Questioned by AFP, the management of Air France did not confirm these figures because “the discussions are still in progress” with the trade unions. “If there are changes in the workforce, they will only be on natural departures, without forced departures,” said a spokesperson, stressing that the company would continue to “hire on certain functions”.

By the end of 2022, the age pyramid within Air France will lead to many natural departures (retirement, death, resignation or dismissal), estimated at more than 3,800. The company will continue to recruit but will not make up for all the departures planned for ground personnel.
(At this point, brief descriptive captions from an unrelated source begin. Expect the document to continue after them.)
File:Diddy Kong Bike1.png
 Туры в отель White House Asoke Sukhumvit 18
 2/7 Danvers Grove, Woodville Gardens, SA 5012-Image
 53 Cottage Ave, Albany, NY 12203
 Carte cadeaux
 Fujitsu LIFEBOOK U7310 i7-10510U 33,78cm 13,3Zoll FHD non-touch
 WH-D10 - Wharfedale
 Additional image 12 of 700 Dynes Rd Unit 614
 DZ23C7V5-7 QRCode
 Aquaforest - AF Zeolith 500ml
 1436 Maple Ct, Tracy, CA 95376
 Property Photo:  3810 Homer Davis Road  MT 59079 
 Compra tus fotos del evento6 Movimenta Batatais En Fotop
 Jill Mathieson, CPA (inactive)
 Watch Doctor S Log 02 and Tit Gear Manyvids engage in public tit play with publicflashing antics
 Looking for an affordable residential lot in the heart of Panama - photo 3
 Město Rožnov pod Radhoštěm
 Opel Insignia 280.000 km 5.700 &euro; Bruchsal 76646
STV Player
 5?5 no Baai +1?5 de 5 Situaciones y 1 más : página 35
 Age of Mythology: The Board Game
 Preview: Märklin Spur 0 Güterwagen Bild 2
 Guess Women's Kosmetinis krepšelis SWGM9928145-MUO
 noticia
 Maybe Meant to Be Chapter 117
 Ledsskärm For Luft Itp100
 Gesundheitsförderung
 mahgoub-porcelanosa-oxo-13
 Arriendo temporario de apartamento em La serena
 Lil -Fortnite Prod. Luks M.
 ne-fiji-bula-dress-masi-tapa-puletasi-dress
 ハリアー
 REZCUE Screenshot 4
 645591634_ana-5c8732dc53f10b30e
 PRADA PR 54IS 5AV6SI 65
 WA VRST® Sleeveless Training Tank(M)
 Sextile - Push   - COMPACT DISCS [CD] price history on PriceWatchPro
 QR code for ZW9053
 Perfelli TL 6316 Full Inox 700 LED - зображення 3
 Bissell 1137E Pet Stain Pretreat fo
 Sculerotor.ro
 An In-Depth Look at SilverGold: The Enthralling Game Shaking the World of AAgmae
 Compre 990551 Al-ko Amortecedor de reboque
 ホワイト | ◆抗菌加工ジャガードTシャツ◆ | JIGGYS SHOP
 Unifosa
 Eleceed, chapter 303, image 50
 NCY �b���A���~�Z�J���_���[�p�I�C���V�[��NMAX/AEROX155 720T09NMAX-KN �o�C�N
– Negative effects of coronavirus –

In detail, the numbers on the ground will decrease by 1,770, while those of hostesses and stewards will remain almost stable (-70) and those of pilots will increase by 320, according to the documents consulted.

The trade unionist Jerome Beaurain (SUD aerial) denounced “the desire to + degrease + support functions” with “-10% jobs within 2 years”. “Staff management goes against the company’s ambitions: increased traffic, more planes, more passengers to transport but fewer and fewer people on the ground to do the work,” he said. He underlines.

This announcement is in addition to the voluntary departure plan underway in the Air France short-haul network, announced last May. Still, open until the end of March, it targets 465 voluntary departures.

According to union sources, 227 people have so far agreed to leave the company under this plan, 140 employees having opted instead for mobility within the company.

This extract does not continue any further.